Publie le dimanche 24 juillet 2005 par Open-Publishing

L’enseignant genevois pourrait être la victime indirecte des attentats meurtriers de Londres, comme d’autres prédicateurs musulmans.

Déjà interdit d’entrée aux Etats-Unis, Tariq Ramadan ne prend toutefois pas cette menace au sérieux.

de Ian Hamel

Selon le Times, le ministre de l’Intérieur britannique Charles Clarke envisage de fermer la porte du pays aux personnes interdites d’entrée aux Etats-Unis.

Dans son édition de vendredi 15 juillet, le quotidien britannique annonce que le gouvernement va renforcer sa législation antiterroriste après les attentats suicides qui ont fait plus de 50 morts et 700 blessés.

L’une des mesures envisagées serait d’interdire systématiquement l’accès du pays à toutes les personnes qui n’ont pas obtenu de visa américain.

Deux prédicateurs dans le collimateur

C’est le cas de deux des prédicateurs les plus célèbres dans le monde musulman, le Qatari Youssef Al-Qaradhawi, qui préside le Conseil européen de la fatwa et de la recherche, et l’enseignant suisse Tariq Ramadan, auteur de nombreux ouvrages, comme Etre musulman européen, traduit en 14 langues.

Né en 1962 à Genève, Tariq Ramadan était jusqu’en 2003 professeur de philosophie à Genève et d’islamologie à l’Université de Fribourg.

En 2004, il avait été recruté comme enseignant par la prestigieuse université catholique de Notre Dame, à South Bend, en Indiana. Mais quelques jours avant la rentrée, en août, son visa était révoqué sans explication par les Etats-Unis.
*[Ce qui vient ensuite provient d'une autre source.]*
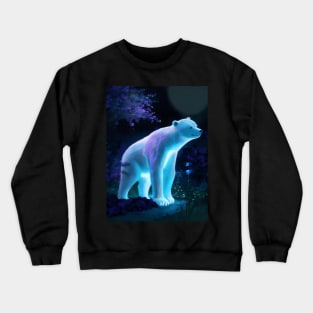 Neon polar bear in garden Crewneck Sweatshirt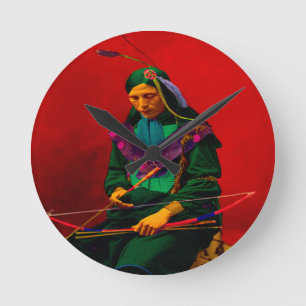 Relógio Redondo Cherokee Native American Pop Art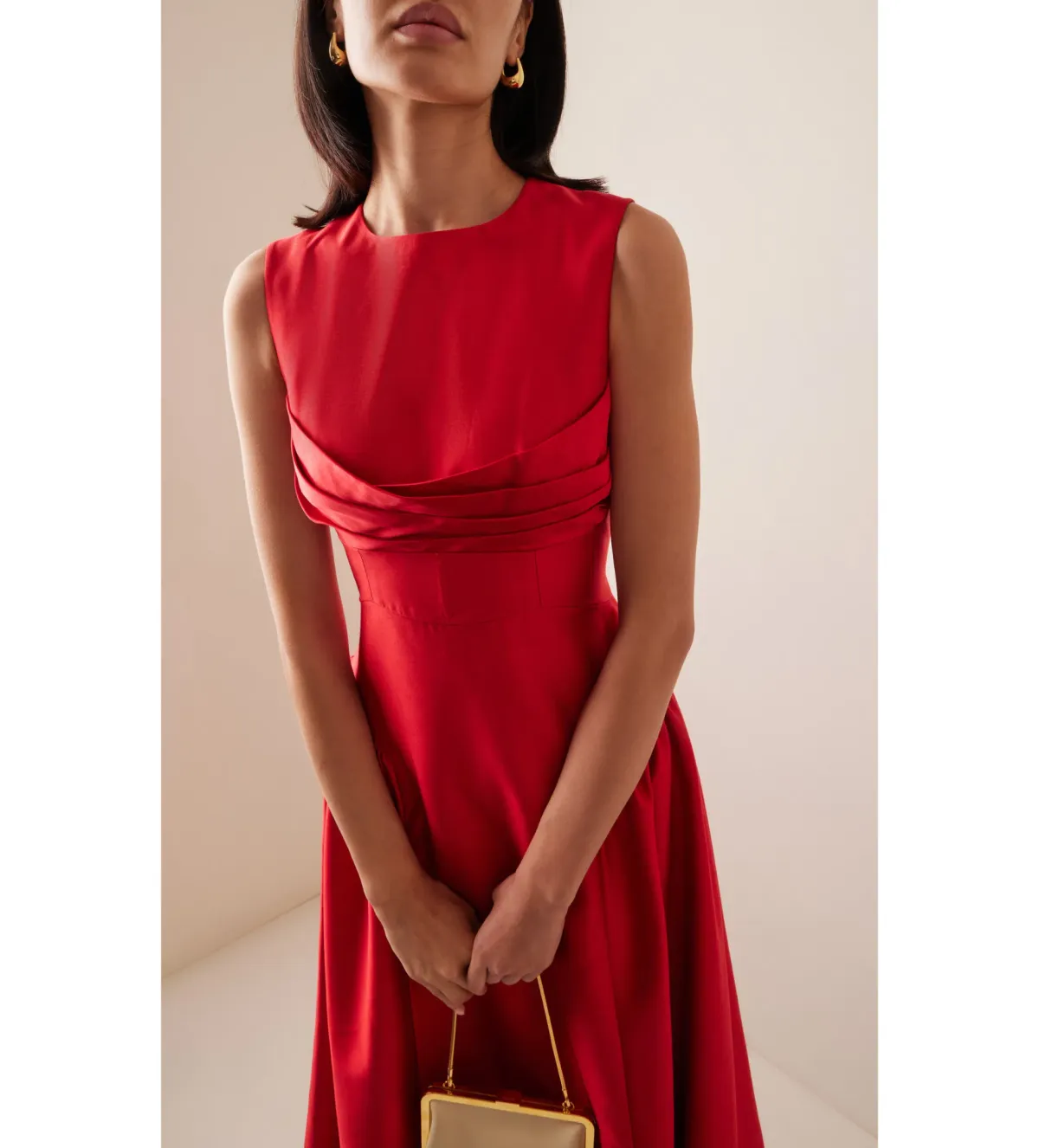 Rachel Gilbert Sawyer Silk-Wool Dress in Red Size 2/AU10 - Image 3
Quant à Youssef Al-Qaradhawi, célèbre pour son émission La charia et la vie, regardée par 10 millions de musulmans le dimanche soir sur la chaîne Al-Jazira, il n’a plus pu mettre les pieds sur le territoire américain depuis 1998.

Pas d’implication

Le Times se montre très critique vis-à-vis des deux intellectuels musulmans, qu’il qualifie « d’extrémistes religieux ». Rappelant que Tariq Ramadan est le petit-fils d’Hassan Al-Banna, le fondateur des Frères musulmans, le quotidien britannique affirme que l’enseignant genevois justifie « les attentats suicides ». Ce qui est inexact.

Non seulement les deux hommes ne sont pas impliqués dans les attentats de Londres, mais ils les ont même immédiatement dénoncés de la manière la plus ferme.
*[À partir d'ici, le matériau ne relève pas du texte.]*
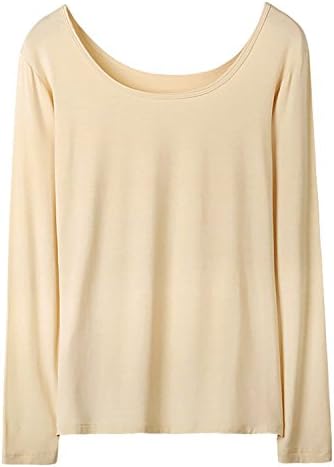 Lucao High Elasticity Round Neck Long Sleeve Solid Color Bottoming Shirt T-Shirt Nude-3XL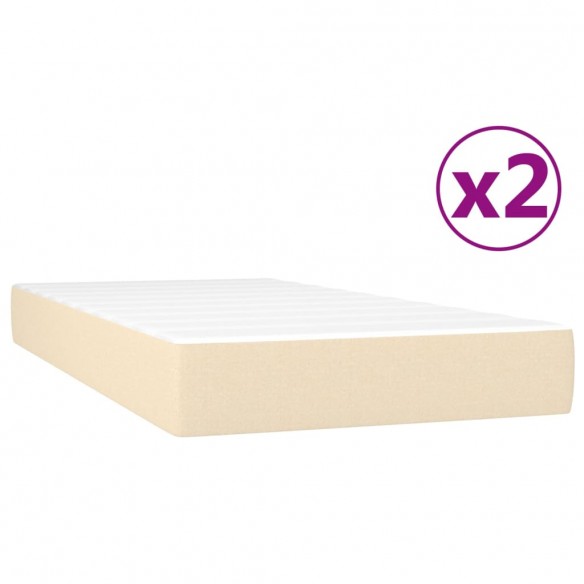 Sommier à lattes de lit avec matelas Crème 200x200 cm Tissu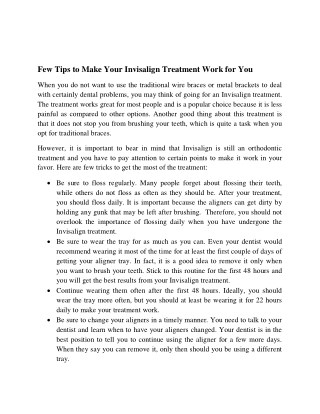 Few Tips to Make Your Invisalign Treatment Work for You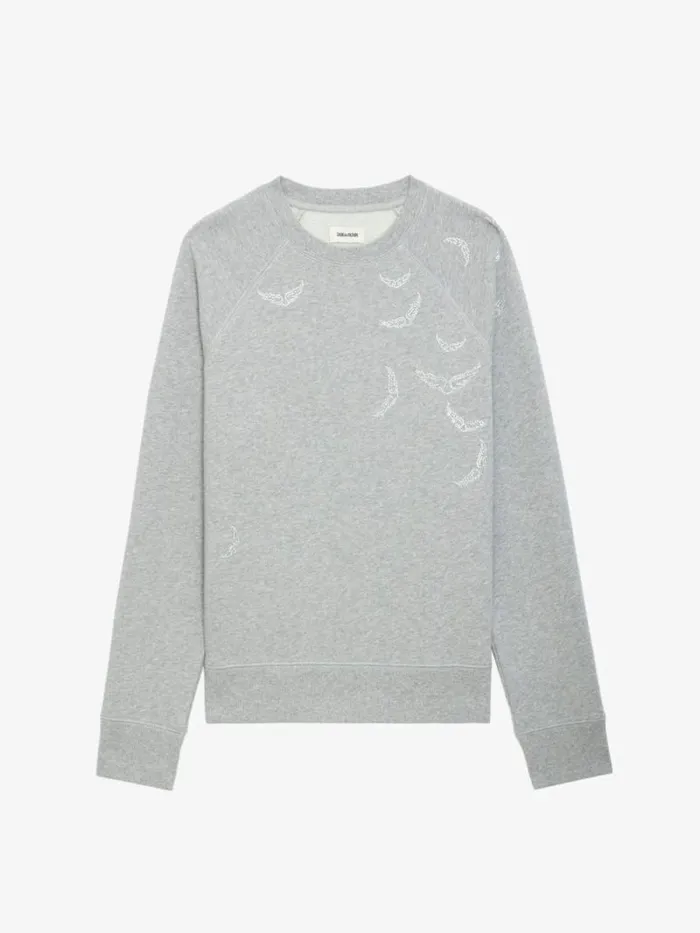 Women Zadig and Voltaire Sweatshirts and Hoodies Upper Diamante Wings Sweatshirt Gris Moyen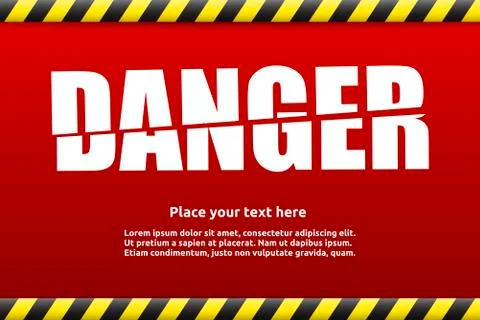 Danger sign set in cloud banner Stock Illustration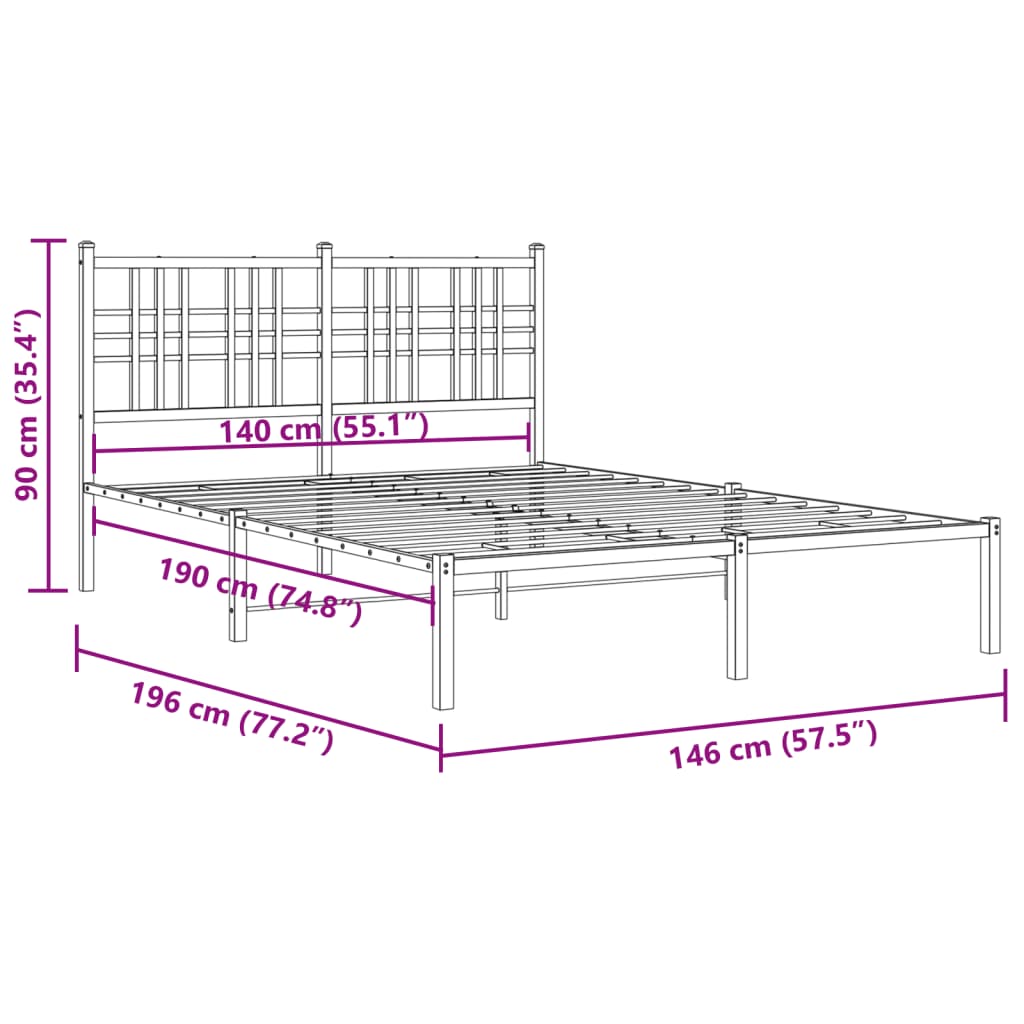 vidaXL Metal Bed Frame without Mattress with Headboard White 140x190cm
Dans un article publié le 9 juillet dans un autre quotidien anglais, le Guardian, Tariq Ramadan écrit que condamner ne suffit pas, « nos valeurs, nos sociétés et notre avenir communs exigent que nous prenions conscience de nos responsabilités partagées et de l’urgente nécessité de nous engager ensemble ».

L’enseignant suisse réfute cette menace

Tariq Ramadan ne semble pas prendre la menace ministère britannique de l’Intérieur au sérieux. « Ce sont des bêtises » de la presse, a-t-il brièvement répondu à swissinfo.

L’enseignant suisse, qui a passé un an à la fondation islamique de Leicester. Il se trouve d’ailleurs justement à Londres où il participera dimanche à une conférence sur la lutte contre les extrémismes, co-organisée par la police métropolitaine de Londres.

« Il n’est pas du tout acquis que ces nouvelles lois passent et, de toute façon, je ne suis pas interdit d’entrée aux Etats-Unis », dit-il. Après la révocation d’un premier visa obtenu en mai 2004, Washington lui avait en effet demandé de déposer un nouveau dossier suite à la campagne de soutien dont il avait bénéficié Outre-Atlantique, relève-t-il.

Il s’était alors exécuté et, n’ayant pas reçu de réponse deux mois plus tard, il avait fini par renoncer à son poste en Indiana.

Tariq Ramadan n’a donc jamais été formellement interdit d’entrée sur le territoire américain. « Je suis en Grande-Bretagne maintenant et je suis en contact officiel avec les autorités britanniques qui m’ont dit de ne pas prendre en compte les articles publiés à mon sujet », souligne-t—il.

Voix modérées

Le ministère de l’intérieur britannique indique pour sa part qu’il ne commente pas les cas individuels d’autorisation de séjour. Mais, souligne une porte-parole, « le ministère se réserve le droit d’interdire l’entrée aux personnes qui représenteraient une menace pour la sécurité du pays ».

Elle note toutefois qu’il est « essentiel pour le gouvernement de travailler avec des intellectuels islamistes modérés » comme Tariq Ramadan. « Des voix comme la sienne peuvent aider la Grande-Bretagne à lutter contre le radicalisme », ajoute-t-elle.